# feeding chicken...



## NavinWithPs (Apr 3, 2003)

i was wondering if feeding my RBPs chicken as there primary food source good or bad... they love chicken... even if they're full, they'll still eat it the next day... unlike beefheart.. so is it good?


----------



## Death in #'s (Apr 29, 2003)

i cant imagine it being bad as long as u trim the fat off


----------



## SnowCichlid (Jan 10, 2003)

just make sure the chicken has no added chemicals etc.... and make sure their diet is varied :smile:


----------



## Honda99_300ex (Apr 18, 2003)

i heard it is also ok as long as you cut the fat off


----------



## NavinWithPs (Apr 3, 2003)

what chicken part would be the best to buy...

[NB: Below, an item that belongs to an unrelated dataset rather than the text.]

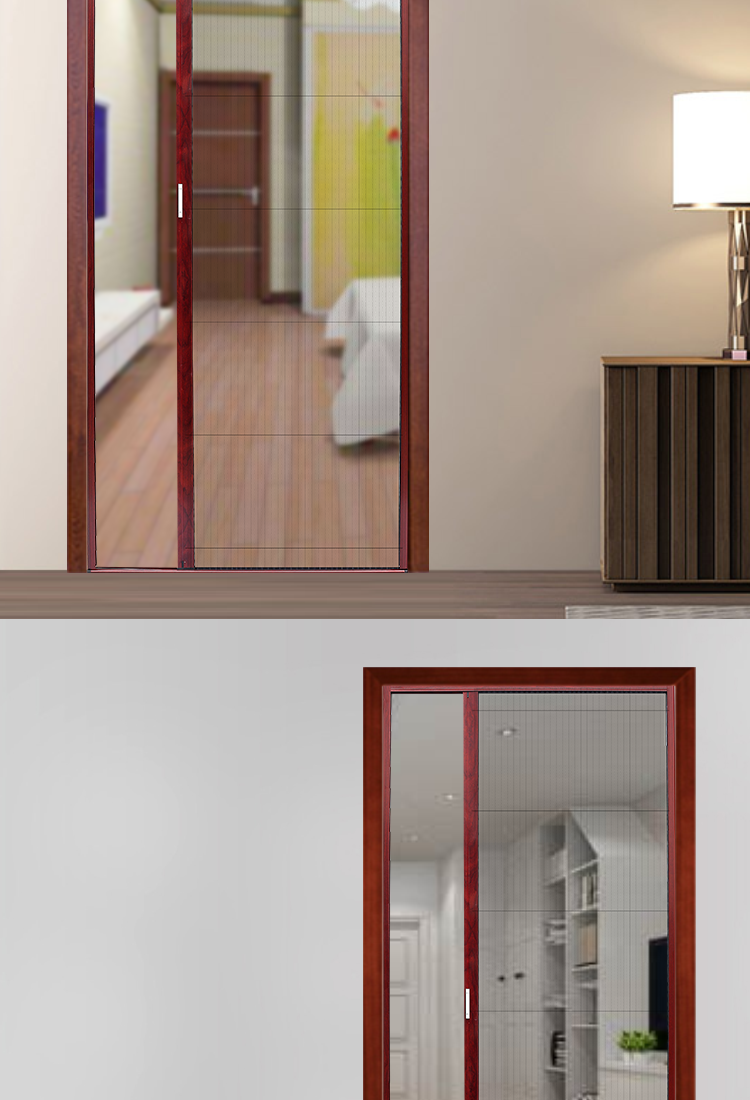 纱门隐形防蚊门推拉折叠式铝合金免打孔自装便携纱窗纱门风琴式(图49)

i currently buy chicken legs because it's like 58 cents a pound, there are other cheaper ones that run for about 28 cents, but they have way too much fat.. so yea..... i can get like 9 legs for 1.25 (2lbs) and it could last me approximatly a month... not bad, not bad at all comparing to buying feeders...

SNOW, how would u know if there were chemicals added?


----------



## lastyboy (Apr 14, 2003)

Chicken's cool, just make sure its uncooked and theres no fat!


----------



## Mr. Hannibal (Feb 21, 2003)

The diet must be varied...chicken is good but i recommend to try with different kinds of food: shrimp, beefheart, fish, feeders...for healthier Ps.!


----------



## thePACK (Jan 3, 2003)

clean the fat ..and nice treat for them...


----------



## RhomZilla (Feb 12, 2003)

Chicken legs are good for your Ps. They devour it instantly!! Best are always the meaty parts, but always wash out, take off fat and never feed the skin!!


----------



## o snap its eric (Feb 19, 2003)

feed them the breast (white meat) it contains the least amount of fat in a chicken. as for the record my Ps hate chicken and beefheart. they just like fish. i feed them smelt now.


----------



## lastyboy (Apr 14, 2003)

Yeah mine like Krill and cubed B/heart
Have gone right off bloodworm and cockles


----------



## rong666 (Mar 5, 2003)

i feed mine chicken breat and they tear it up. i dont give it to them very often because its kind of messy.


----------



## BiteMeNipMe (Apr 26, 2003)

my biggest concern about feeding yer Ps chicken is salmonella. But again, they eat rotten meat in the wild so prolly they're immune to it.


----------



## InSinUAsian (Jan 3, 2003)

My P's love chicken. I prefer to feed them chicken then beef due to the lower fat content. Even when it comes to heart, I prefer to feed chicken heart as opposed to beef heart.

~Dj


----------